In a statement to Arabic language Iraqi newspaper Al-Sawmariyah News, Naeem Al-Abdaoui, a spokesman for radical Shia paramilitary group Asaib ahl al-Haq, or 'League of the Righteous', said that the militias neither wanted nor needed American help fighting Islamic State (formerly known as Isis).
"We are fully capable of freeing those areas as the security forces and the resistance factions and tribes have managed to free around 90% of those areas, and America is trying to come into the remaining 10% to steal the big victory," said Al-Abdaoui.

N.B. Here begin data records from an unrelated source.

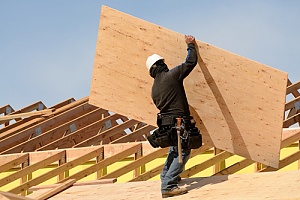 Worker building a home with plywood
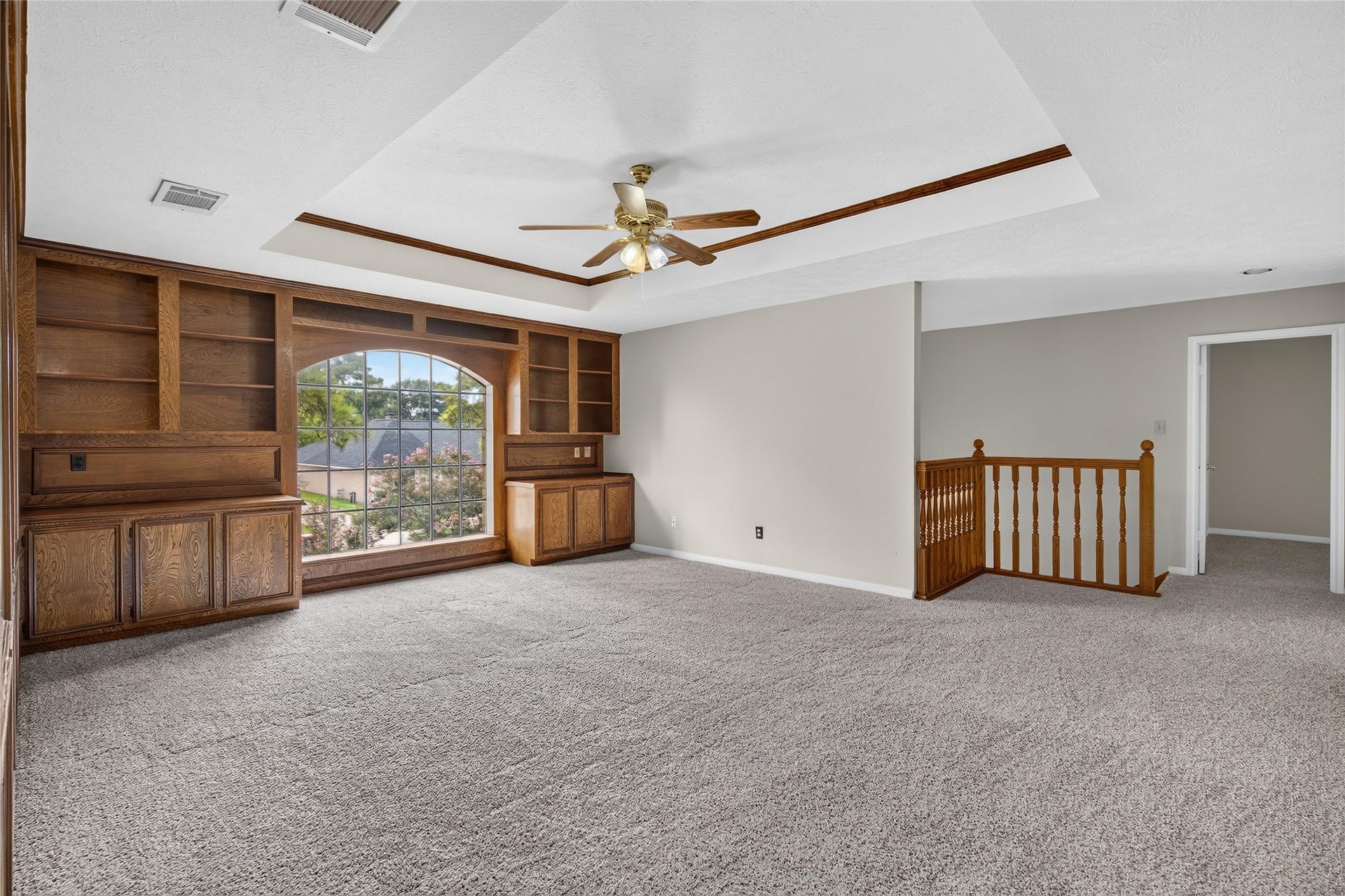 Plush carpeting, built-in wood shelving, and a large arched window create a bright, flexible room with plenty of character and natural light.
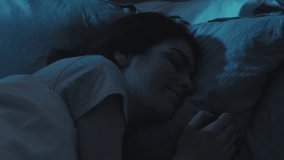 Night rest. Peaceful sleep. Relaxed calm happy woman enjoying dreaming on soft comfortable soft pillow in bed in dark home bedroom. - Powered by Shutterstock - Get 15% off with code: PIKWIZARD15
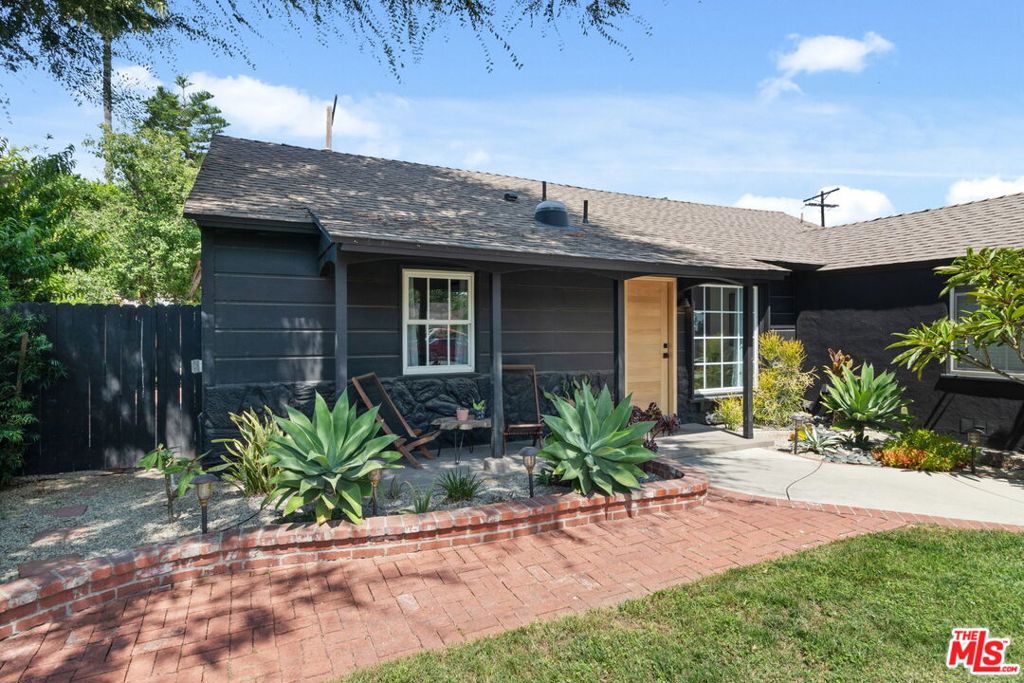 Fall in love with this captivating remodeled 2 bedroom + 2 bath + detached studio remodeled home in one of LA 's favorite neighborhoods! As you walk in, you'll be greeting be the sun-drenched dining area that flows seamlessly into the cozy living room with a wall of glass windows overlooking the backyard framed by the entertainer's backyard. Skylights bathe the gorgeous, remodeled kitchen and bathrooms in natural light. Gleaming new oak hardwood floors throughout warm the space. French doors leading to the expansive lush backyard with patio, a soaking pool (filtered!) and detached studio (yoga, art studio), complete with delicious mature orange tree, prefect for enjoying the summer weather! The garage space just off the kitchen a versatile bonus room awaits, prefect for a home office, studio or work out room whatever fits your lifestyle needs and includes new washer / dryer. Each bedroom offers comfort and privacy including a bedroom with its own remodeled en-suite bathroom. Located on a quiet tree lined street where a sense of community welcomes you! Lake Balboa is known for its verdant green 80-acre park with sparkling 26-acre lake. Walk the path around the lake, rent swan paddle boats, picnic on the meadows or go fishing! Enjoy the fun playground, wide open meadows of lush grass, golf courses, the Sepulveda Basin Wildlife Reserve, a Japanese garden, velodrome, and a sports complex. You can also take your pooch to the Sepulveda Dam off-leash dog park. Or ride a short distance to the 18-mile Orange Line Bike Path. Closer to home, Louise Park features barbecue pits, a lighted baseball diamond, outdoor basketball courts, a children's play area, and picnic tables or enjoy the local cafes. Trader Joe's is a 10-minute drive. You will want to call this home!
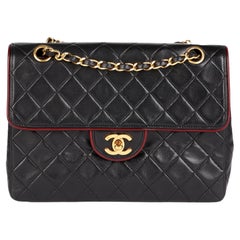 CHANEL Black Quilted Lambskin Vintage Medium Classic Single Flap Bag with Red Tr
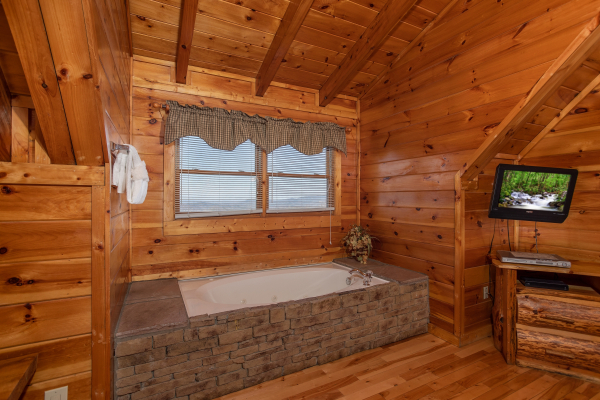 Jacuzzi tub in the loft bedroom at 5 Star View, a 3 bedroom cabin rental located in Gatlinburg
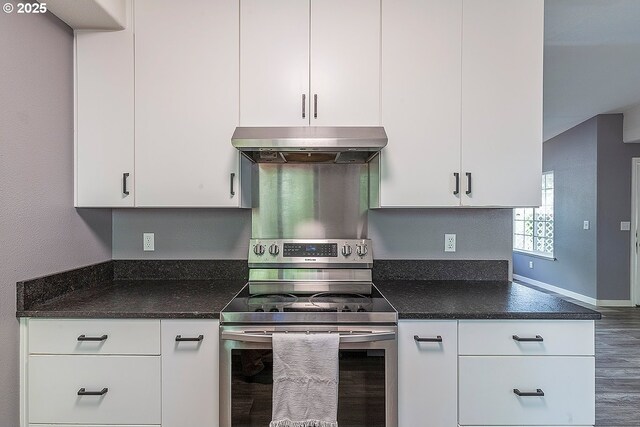 10522 SE Liebe St, Portland, OR 97266 - kitchen with electric range, under cabinet range hood, white cabinets, wood finished floors, and dark stone countertops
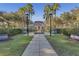 Community center with a tranquil fountain and manicured landscaping at 1054 Waterside Dr, Celebration, FL 34747
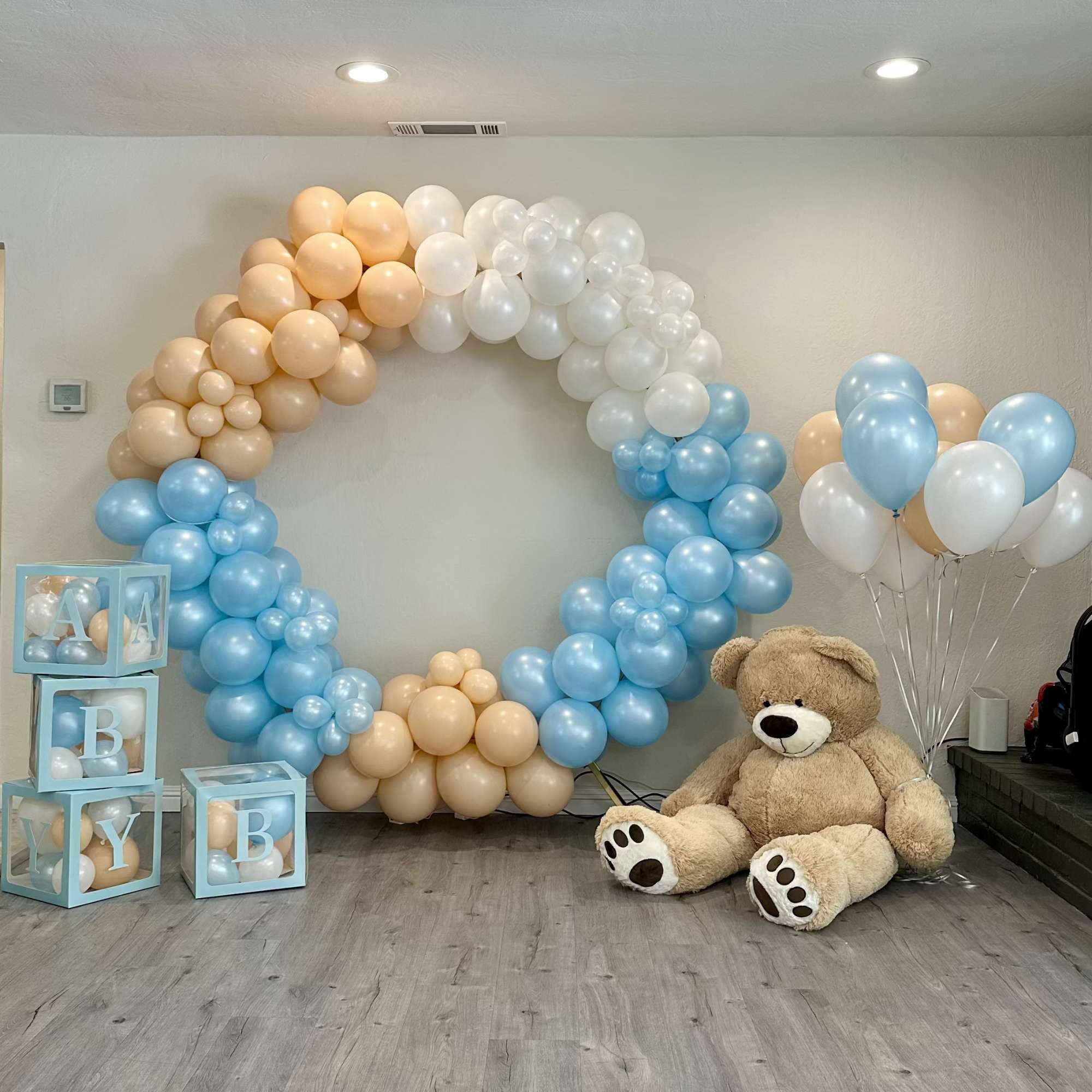 Pastel balloon arch with teddy bear, balloon bouquet, and letter blocks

"We won't join any battle that the United States is leading, whether that be by air or land, and refuse to enter a battle that the international coalition are joined in."
Al-Abdaoui added: "We don't trust the United States as what happened in Yemen, Pakistan, Afghanistan and Latifiya and Baiji when many people fell victim to the airstrikes."
Asaib ahl al-Haq has been fighting alongside the Iraqi army as they push north towards Mosul alongside thousands of Iranian-backed militias. Last week the army took back most of Tikrit but ISIS are still lodged in the centre of the city.
On Monday Reuters reported that Iraq was poised to ask the US for help in dislodging the militants from Tikrit. America has supported the Kurds in the north with air strikes but had so far not backed up the army on their push to Tikrit, where they are being supported by the head of Iran's Revolutionary Guard General Qassem Suleimani.
That changed on Wednesday, when the US and its European allies began bombing IS positions in Tikrit to aid the advancing army. As well as Asaib ahl al-Haq, there were reports that Kata'ib Hezbollah, another prominent militia group was pulling out.
There was an immense irony at the prospect of the US backing up groups such as Asaib ahl al-Haq and Kata'ib Hezbollah effectively fighting on the same side, given the numerous attacks on US troops by both groups in the aftermath of the Iraq war.